Now that User Experience has become a key competitive differentiator, companies that were left flat-footed by the touch-screen revolution would be well advised to adjust their gazes over the horizon to better anticipate the technologies that will next transform our lives. While the three concepts shaping the future of user experience point to even greater possibilities in the future, all exist today as nascent technology and are exerting a powerful influence on current experience design thinking.
1. The Invisible Interface
The ultimate evolution of the user interface is for it to completely disappear. An obvious replacement for a physical input device is the human voice combined with a listening machine. However, the ability of a computer to hear and process words is different from its ability to understand meaning and context, which requires Artificial Intelligence (or AI).
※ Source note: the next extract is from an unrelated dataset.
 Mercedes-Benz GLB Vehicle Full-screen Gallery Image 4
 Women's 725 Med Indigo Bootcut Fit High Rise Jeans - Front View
Siri’s humorous, preprogrammed quips and frequent gaffes notwithstanding, AI is making incredible advances and is being incrementally added to many web-based applications. Apple and Google both have AI engines built into their product ecosystems and Amazon has stealthily been working on its Echo device (shown above) , which aims to be an always-on, voice-activated hub for the home. Once AI advances to the point where it can build a detailed contextual model of an individual user’s world, it will have the ability to go beyond voice to anticipate one's needs and desires based on subtle behavioural cues.
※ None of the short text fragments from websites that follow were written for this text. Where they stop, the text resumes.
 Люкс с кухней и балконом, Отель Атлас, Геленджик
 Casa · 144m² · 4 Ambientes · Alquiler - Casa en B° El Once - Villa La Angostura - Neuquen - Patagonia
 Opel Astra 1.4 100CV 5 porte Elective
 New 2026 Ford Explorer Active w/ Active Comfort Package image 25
I believe that Artificial Intelligence is too critical to the evolution of computing not to become an open platform. Much the way Amazon has opened its cloud computing resources to democratize server infrastructure and Google has opened up its maps and analytics platforms to drive innovation, firms soon will be able to tap into artificial intelligence engines to power their own specialized products, allowing them to stay focused on designing a great user experience.
2. The Internet of Things
The internet of things refers to the idea of everyday items such as appliances, vehicles, food containers, toiletries, or clothing being connected to the internet via active or passive technology. As microchips shrink in size and cost, cheap sensors will be affixed to everything you own, allowing you to turn those items into various forms of data. This has the potential to profoundly alter the world we live in, introducing huge efficiencies in transportation, consumer purchasing behaviour and health.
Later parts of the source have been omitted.